Information shown

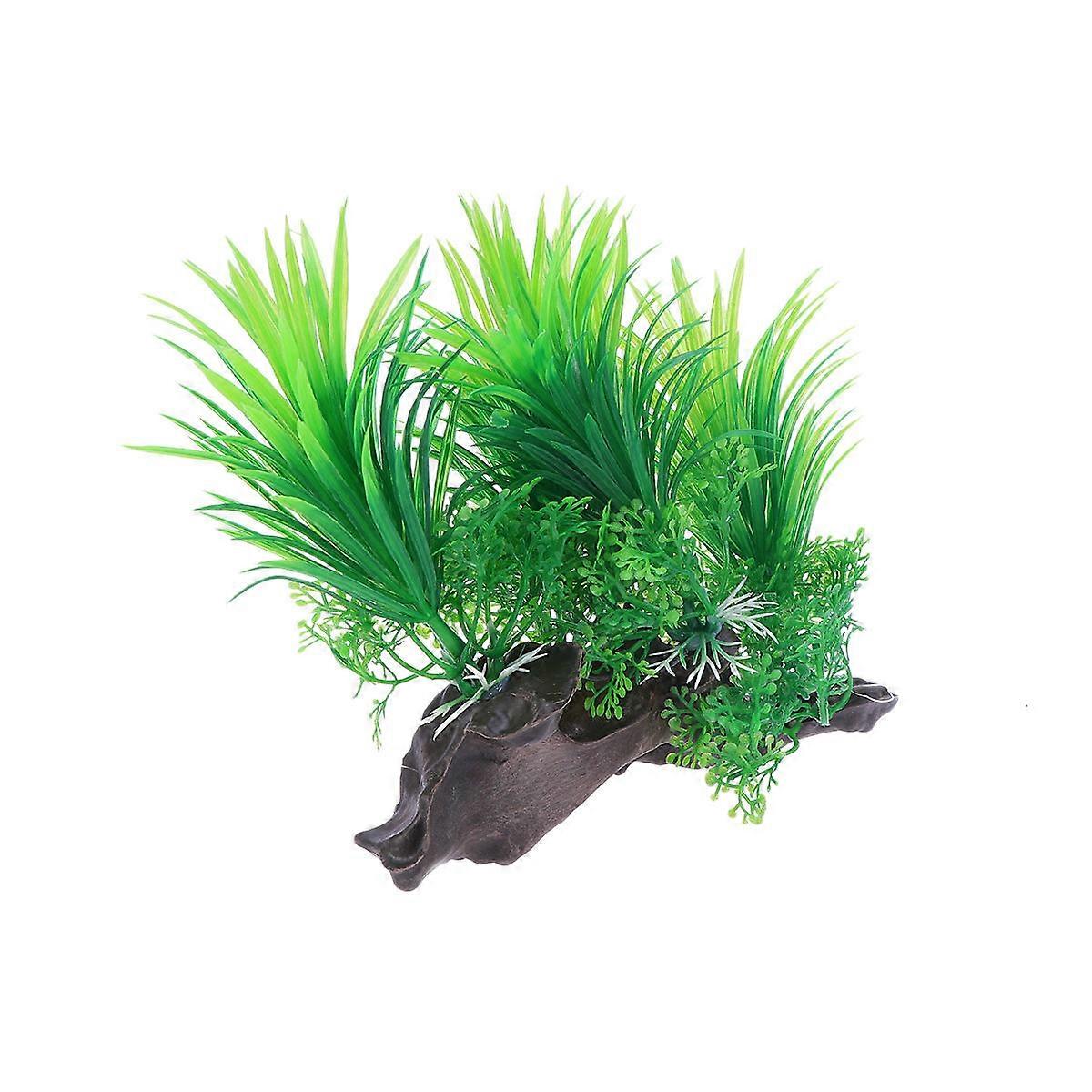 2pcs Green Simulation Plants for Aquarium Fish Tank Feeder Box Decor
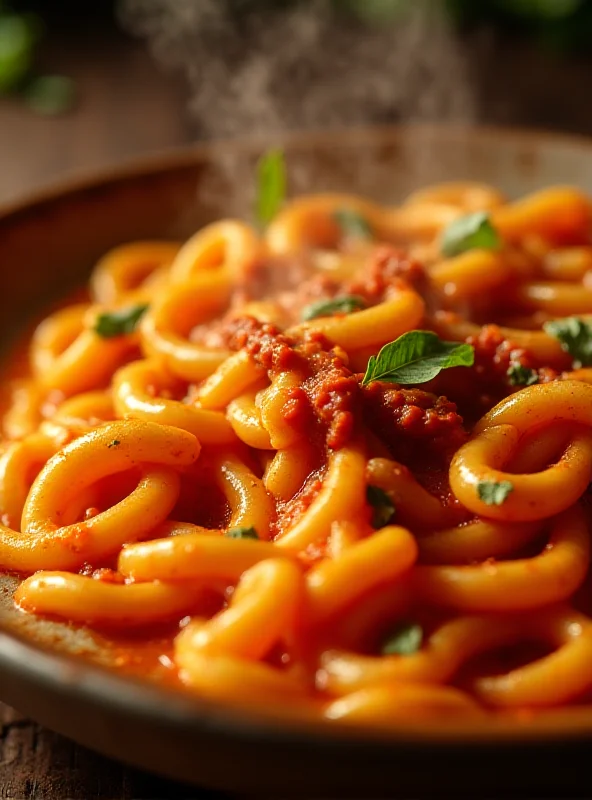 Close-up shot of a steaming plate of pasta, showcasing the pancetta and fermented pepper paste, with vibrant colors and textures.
---
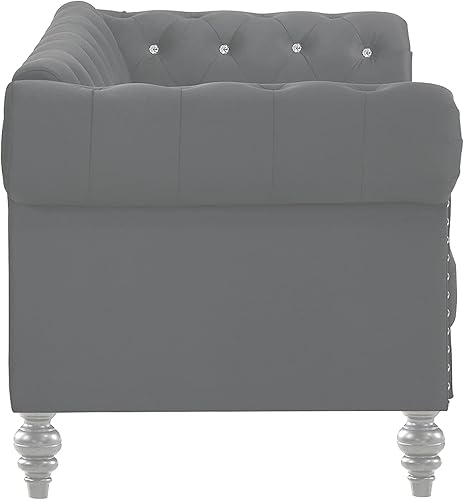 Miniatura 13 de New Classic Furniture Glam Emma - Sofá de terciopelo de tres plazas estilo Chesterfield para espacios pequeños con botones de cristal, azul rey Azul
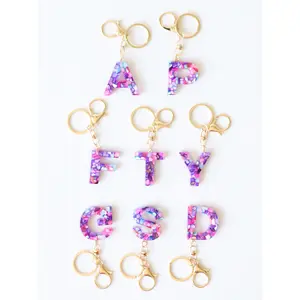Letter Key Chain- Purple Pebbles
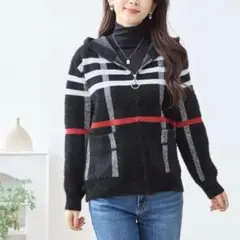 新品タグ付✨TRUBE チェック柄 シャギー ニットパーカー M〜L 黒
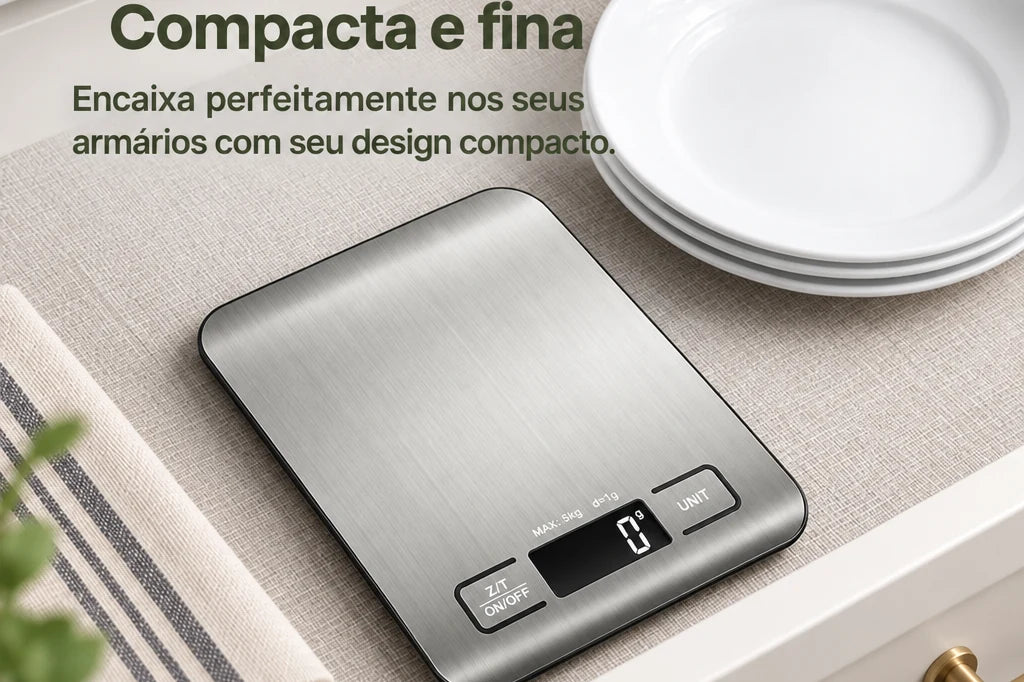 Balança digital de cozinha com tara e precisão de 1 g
==
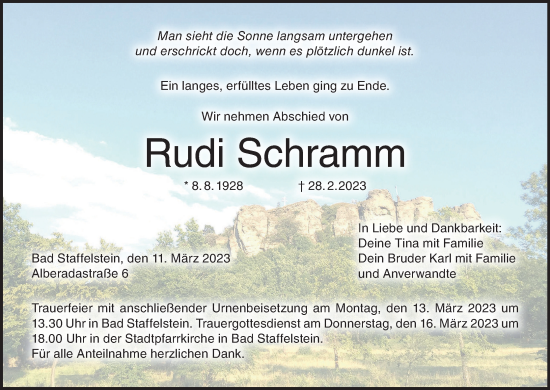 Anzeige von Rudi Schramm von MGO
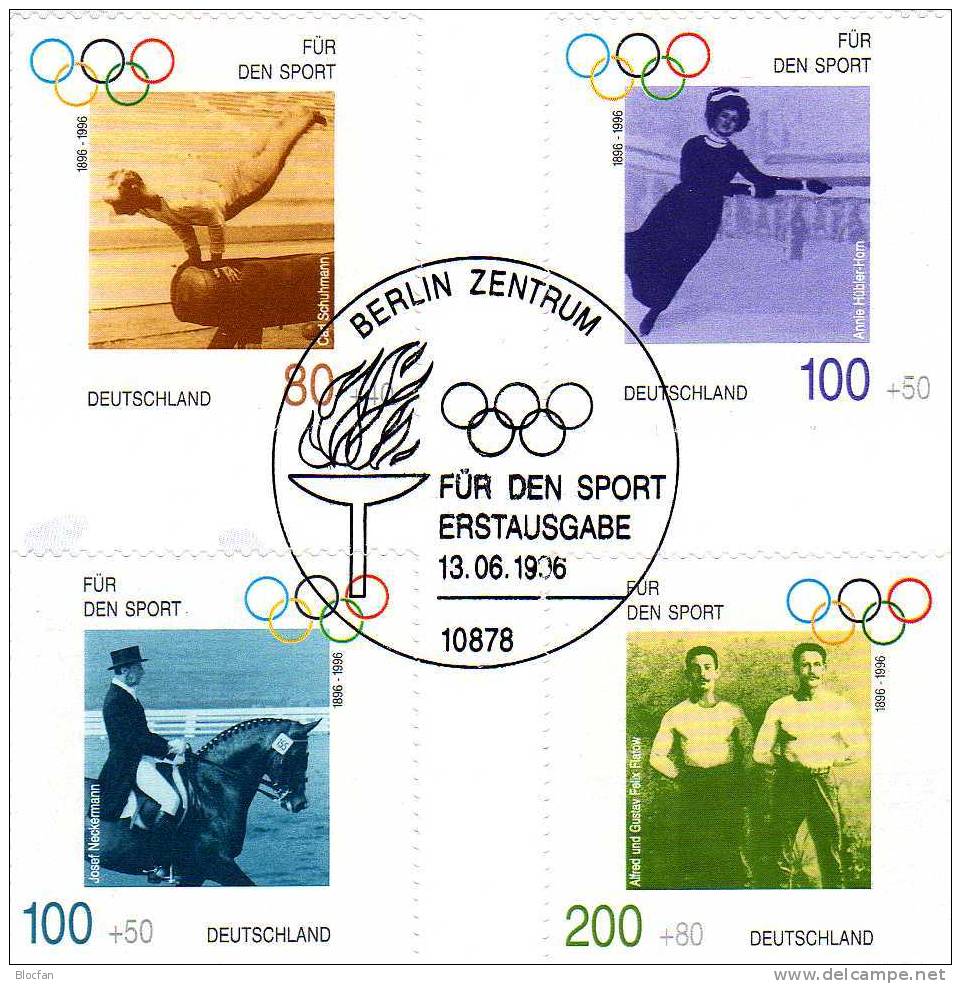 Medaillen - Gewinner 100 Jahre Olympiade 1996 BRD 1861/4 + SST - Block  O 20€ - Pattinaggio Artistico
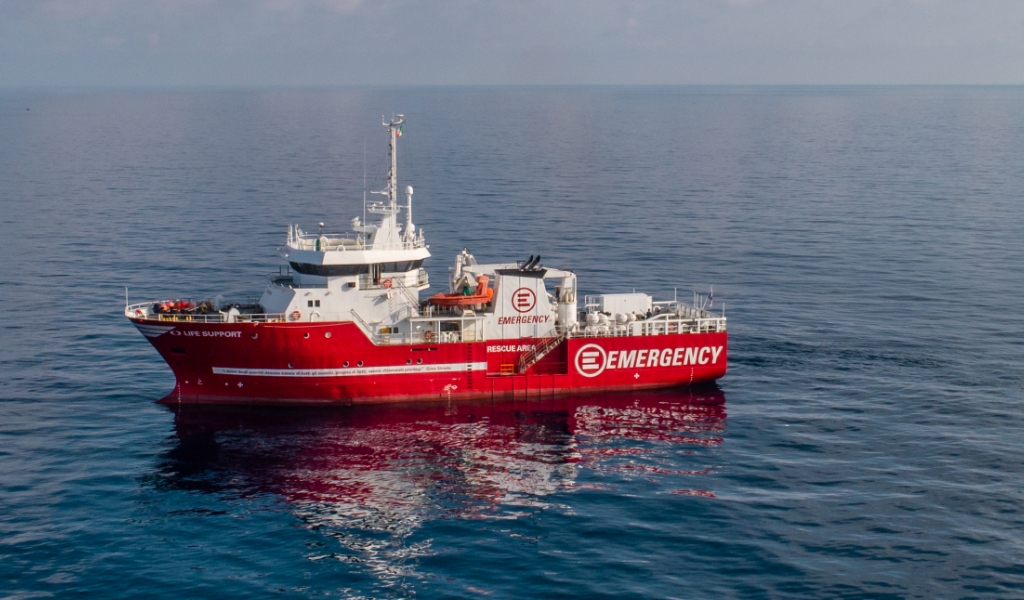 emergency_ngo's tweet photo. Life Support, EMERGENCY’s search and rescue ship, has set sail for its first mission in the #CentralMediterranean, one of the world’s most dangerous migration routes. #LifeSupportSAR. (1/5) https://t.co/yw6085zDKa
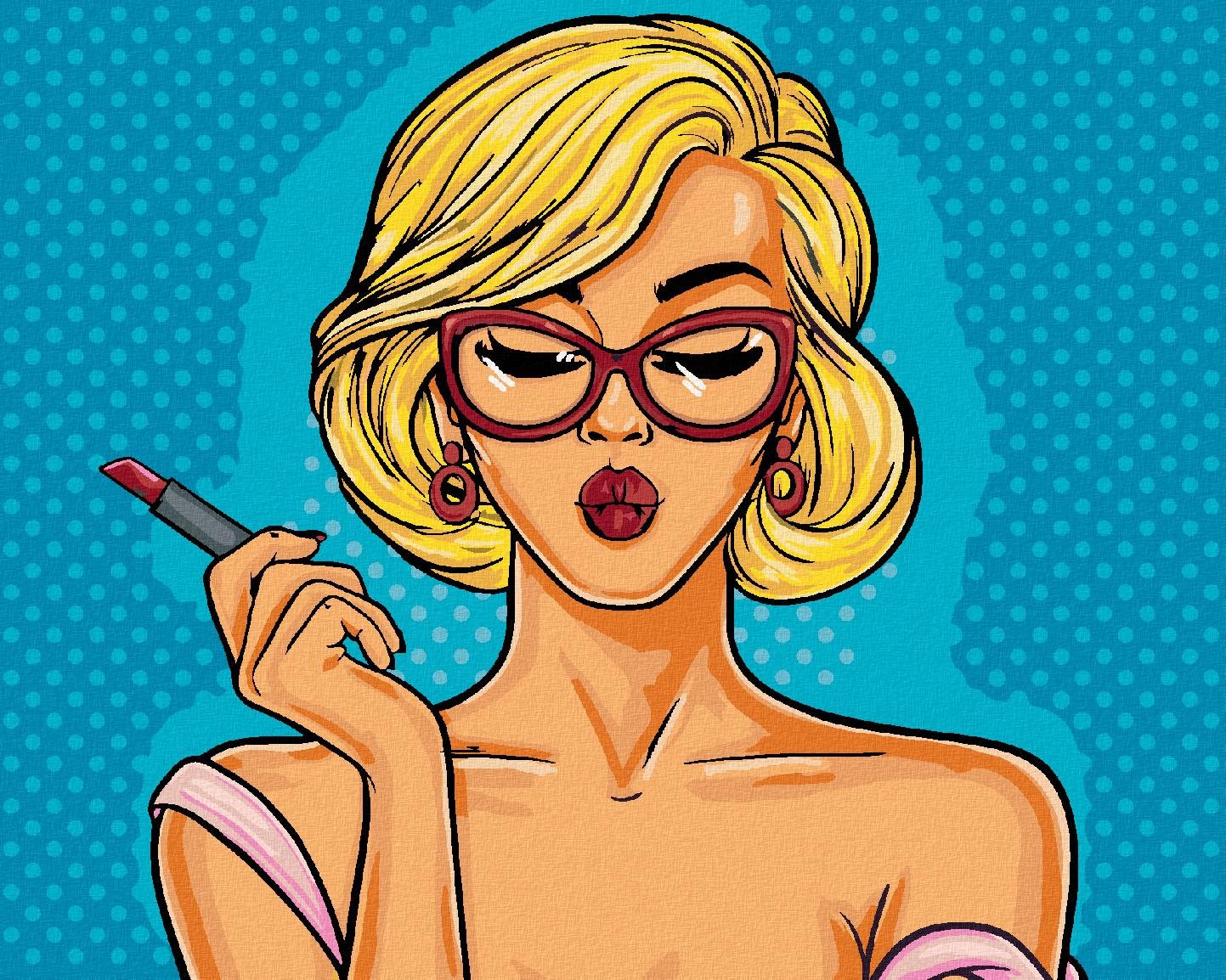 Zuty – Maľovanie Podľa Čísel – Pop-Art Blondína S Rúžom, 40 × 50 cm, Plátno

Activity
Exactly the lines above from the one that contains "emergency_ngo's tweet photo." down to the one that contains "Zuty – Maľovanie" are to be output, both ends kept and pictures omitted.

Response area
 emergency_ngo's tweet photo. Life Support, EMERGENCY’s search and rescue ship, has set sail for its first mission in the #CentralMediterranean, one of the world’s most dangerous migration routes. #LifeSupportSAR. (1/5) https://t.co/yw6085zDKa
 Zuty – Maľovanie Podľa Čísel – Pop-Art Blondína S Rúžom, 40 × 50 cm, Plátno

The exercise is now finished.